NEW YORK (TheStreet) -- Shares of Bill Barrett Corp. (BBG) are surging 25% to $3.75 on heavy trading volume in afternoon trading on Wednesday after the company reported its 2015 fourth quarter earnings.
After yesterday's closing bell, the Denver-based oil and gas company posted adjusted earnings of 7 cents per share, which surpassed analysts' estimates for a loss of 4 cents per share.
Revenue for the period was $46.6 million, missing Wall Street's expectations of $82.4 million.
"This past year presented numerous challenges for the energy sector as oil prices fell to levels not witnessed in over a decade," CEO and President Scot Woodall said in a statement.
"Based on the uncertainty of an oil price recovery during 2016, we are making the decision to curtail drilling activity to preserve capital and will monitor industry conditions to determine the appropriate time to resume drilling," he added.
Bill Barrett is an energy company that develops, acquires and explores for oil and natural gas resources.
About 2.96 million of the company's shares were traded by this afternoon vs. its average volume of 1.68 million shares per day.
Separately, TheStreet Ratings Team has a "Sell" rating with a score of D on the stock.
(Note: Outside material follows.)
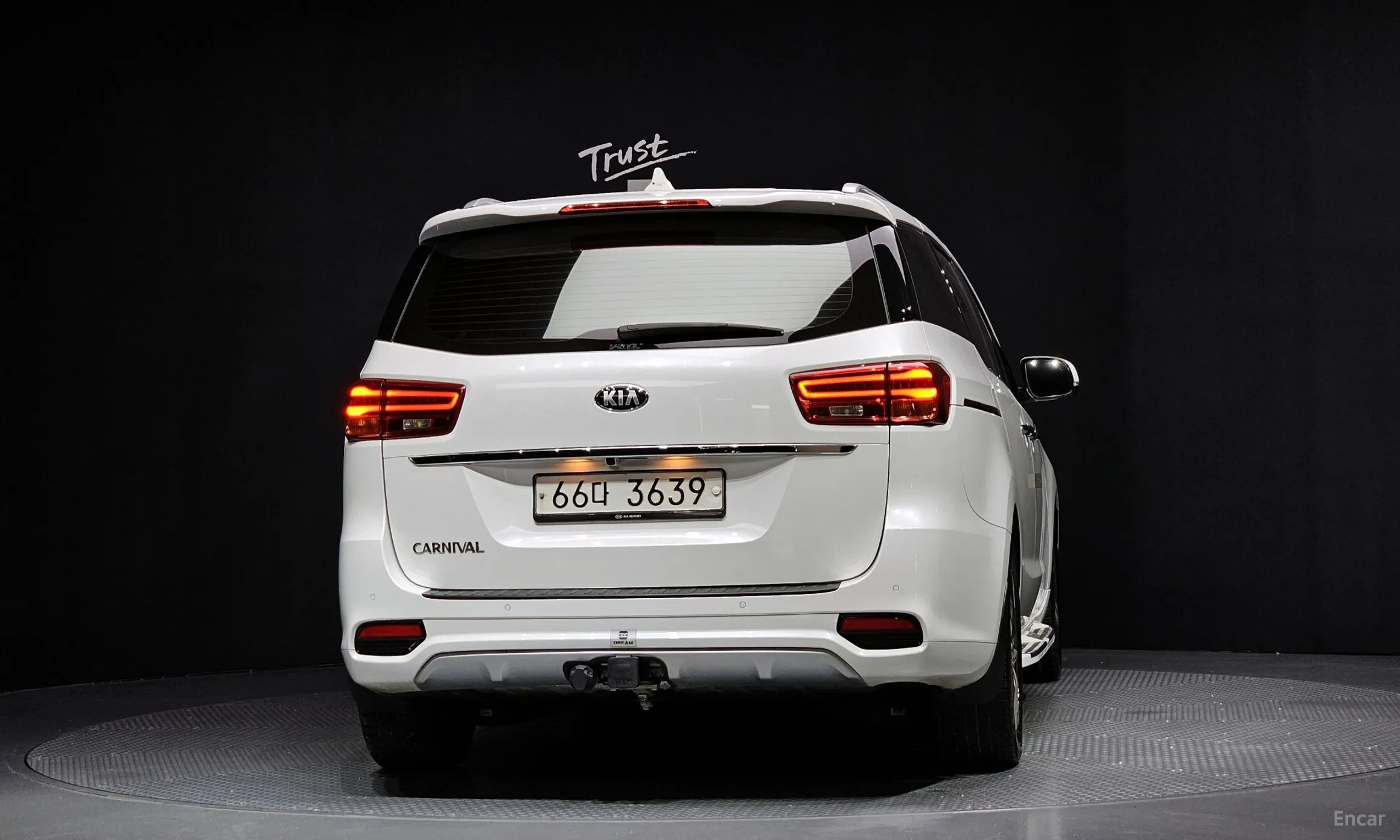 Kia Carnival превью 3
This is driven by several weaknesses, which should have a greater impact than any strengths, and could make it more difficult for investors to achieve positive results compared to most of the stocks covered.
The company's weaknesses can be seen in multiple areas, such as its deteriorating net income, generally high debt management risk, disappointing return on equity, weak operating cash flow and generally disappointing historical performance in the stock itself.
Recently, TheStreet Ratings objectively rated this stock according to its "risk-adjusted" total return prospect over a 12-month investment horizon. Not based on the news in any given day, the rating may differ from Jim Cramer's view or that of this articles's author.